Most of these expats left the country for jobs abroad and had every intention to return once their contract expires, so what they do is turn their homes into private renting proeprties until they return.
However, as they get accustomed and comfortable with the new country they’re living in, they decide to extend their stay and finally let go of their house in here.
Many expats, like my clients, ask the help of investors or estate agents to take care of finding a suitable buyer and the physical handover of the property to rent, but those with a large rolodex of family and friends left in the UK do the transaction themselves through the assitance of these contacts.
The selling part is easy, especially when there is high demand for property. What makes the process hard for some is the part when the taxman comes knocking at the door. After the change of tax rules on March 1998, some expats have been surprised by shocking tax charges when they thought that there should be none.
Fun fact! Did you know that non-resident UK citizens are exempt from capital gains tax from the sale of a property, but they have to meet certain requirements in order for the exemption to take place.
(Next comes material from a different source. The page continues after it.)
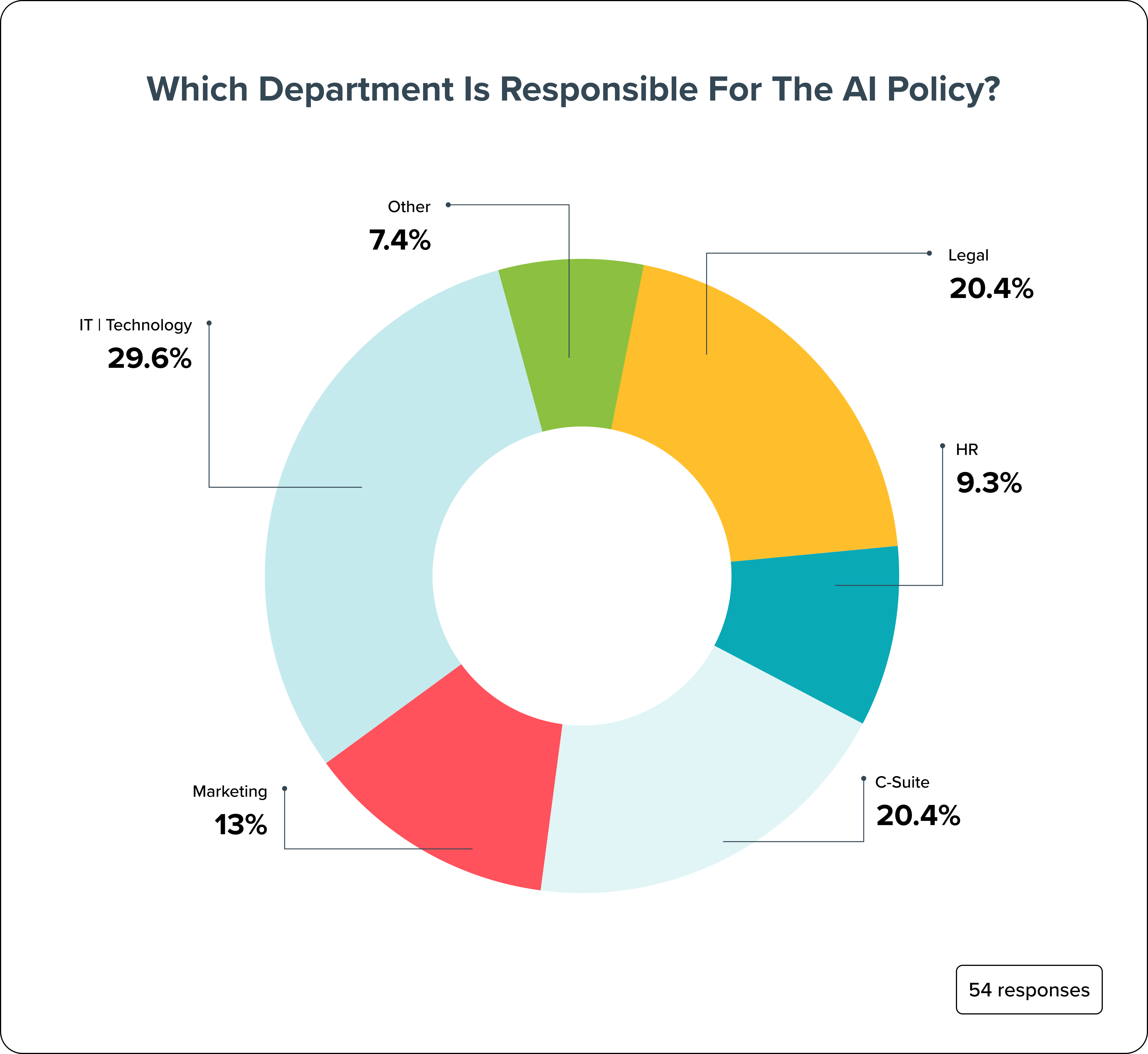 Which Department Is Responsible for the AI Policy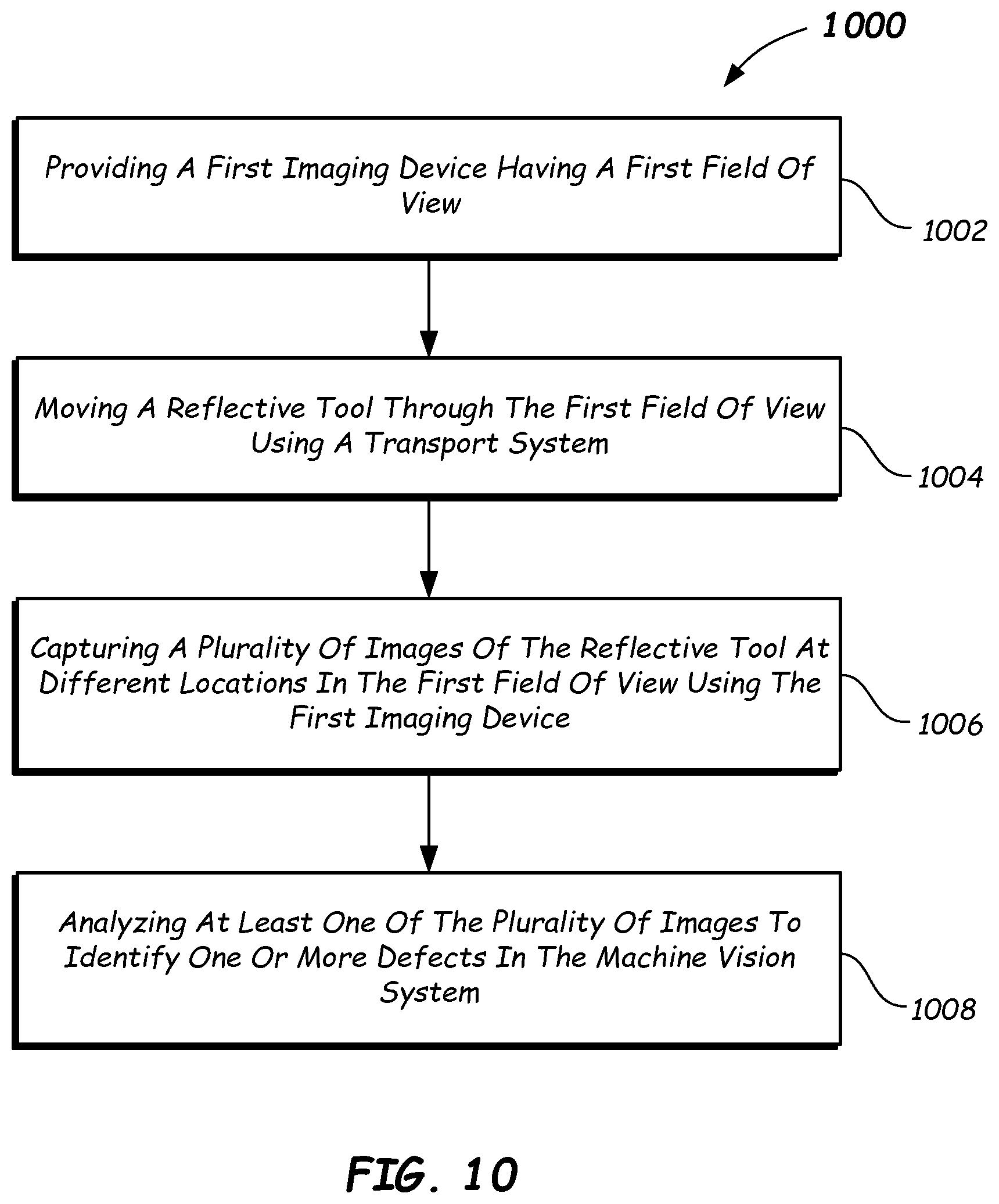 Patent US12567134 Figure 8 – Apparatus and methods of detecting defects in machine vision systems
So who qualifies as non-resident UK citizens?
Basically these are UK citizens who return to the country or visit for less than 90 days are considered non-resident citizens.
Aside from that, the seller must make sure that his period of non residence must be for a period of at least 5 years. If you have been a non resident for less than 5 years, then the profit you earned from sale of your property would have to be charged a capital gains tax.
If you left the UK for another country before 17 March 1998, lady luck is on your side! This periodic rule on exemption doesn’t apply to you! All that is required is that you were a non resident at the time the sale was made.
Don’t forget that non-resident UK citizens who stayed abroad for less than 5 years may apply for a relief on their tax charge if they were to retain the property they own and dispose of it after reacquiring their resident status.
This relief I’m talking about is commonly called the PPR RELIEF aka the principal private residence relief. The PPR is computed by multiplying how long the seller acutally occupied in the property sold as his principal residence, and divided by his period of ownership.
There is also called a Lettings Relief where sellers are given an exemption from capital gains tax for that part of the gain attributable to the private renting rolling contract in so far as it does not exceed the lower of the tax free part of the gain under the PPR relief and £40,000.